A leading religious commentator has questioned why British fundamentalist Christian groups that oppose gay rights have spoken out against a hate preacher from America.
The Home Office confirmed yesterday that Fred Phelps and Shirley Phelps-Roper of the Westboro Baptist Church will be denied entry to the UK should they try to travel here.
WBC had claimed it was going to picket a performance of a gay-themed play in Basingstoke later today.
The Kansas-based sect, which has less than 60 members, is notorious in the US for picketing the funerals of soldiers killed in action with placards claiming God Hates Fags.
The group claim to believe that deaths and natural disasters are God’s punishment on the world for tolerating homosexuality.
The Baptist Union of Great Britain, the Evangelical Alliance UK, Faithworks, the Methodist Church of Great Britain, the United Reformed Church and Bible Society-funded thintank Theos said in a joint statement:
“We are dismayed that members of Westboro Baptist Church (based in Kansas, USA and not associated with the Baptist Union of Great Britain) might picket the performance of The Laramie Project in Basingstoke on Friday.
“We do not share [Westboro's] hatred of lesbian and gay people. We believe that God loves all, irrespective of sexual orientation, and we unreservedly stand against their message of hate toward those communities.
“Neither the style nor substance of their preaching expresses the historic, orthodox Christian faith.
“And we ask that the members of Westboro Baptist Church refrain from stirring up any more homophobic hatred in the UK or elsewhere.”
Jonathan Bartley, co-director of the religion and society thinktank Ekklesia, said:
“It is welcome that a number of churches and evangelical groups have made a public statement and joined the many others who are opposing Westboro Baptist church-style hate speech.
“But it is relatively easy to issue statements against extremists, distance oneself, and condemn them.

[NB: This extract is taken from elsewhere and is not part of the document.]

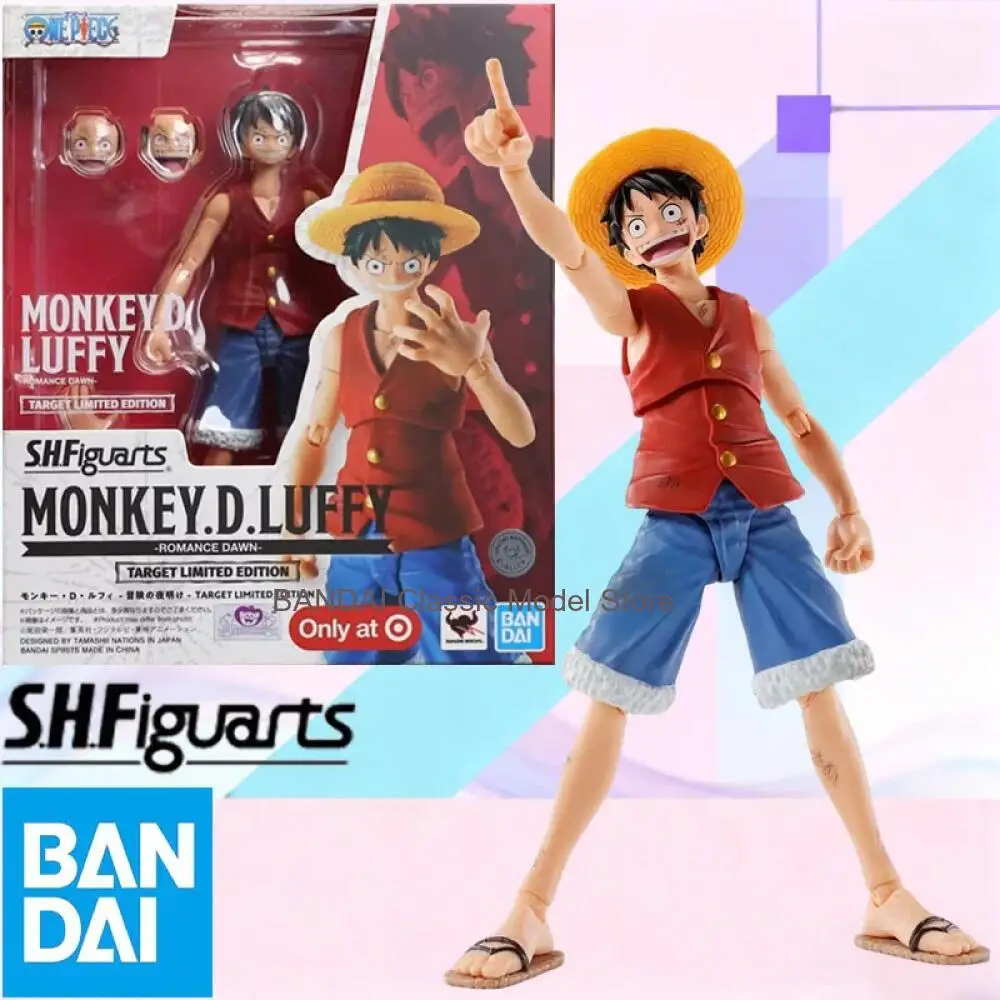 In Stock BANDAI Original Box S.H.Figuarts LUFFY TARGET LIMITED EDITION SHF Action Figure Model Gift for Kid Foam Box Packaging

“It is more challenging, and uncomfortable, to acknowledge what one might have in common with those we find abhorrent. But that is what the message at the heart of the Christian faith requires.

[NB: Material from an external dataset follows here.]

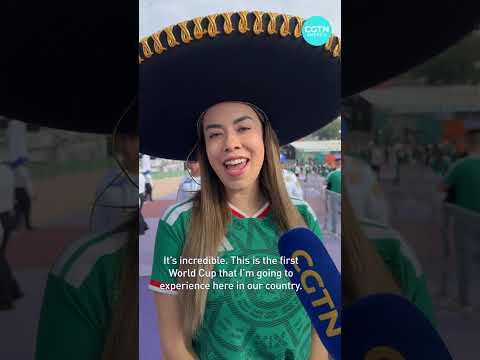 World Cup fans in Mexico City flock to Latin America's largest stadium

“This is the real challenge that Westboro Baptist church presents.
“And among those who have condemned Westboro are some who preach rejection of faithful gay relationships, who deny their baptism and Christian ministry, and who refuse their wisdom.

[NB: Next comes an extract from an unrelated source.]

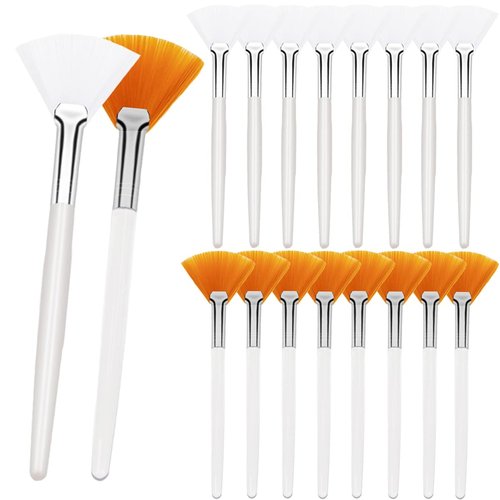 18 Pieces Fan Brushes Facial Mask Brush Soft Makeup Mask Applicator Acid Applicator Esthetician Brush Cosmetic Tools for Mud Cream, Makeup Peel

“Some have attempted to negotiate opt-outs from equalities legislation so they can themselves discriminate against lesbian and gay people in employment and in the provision of goods and services.
“The Evangelical Alliance in particular removed the Courage Trust from its membership when the Trust made a Christian commitment to affirming lesbian and gay people.
“The six churches and groups have said with one voice: ‘We believe that God loves all, irrespective of sexual orientation.’ We invite them to reflect these words in their actions.”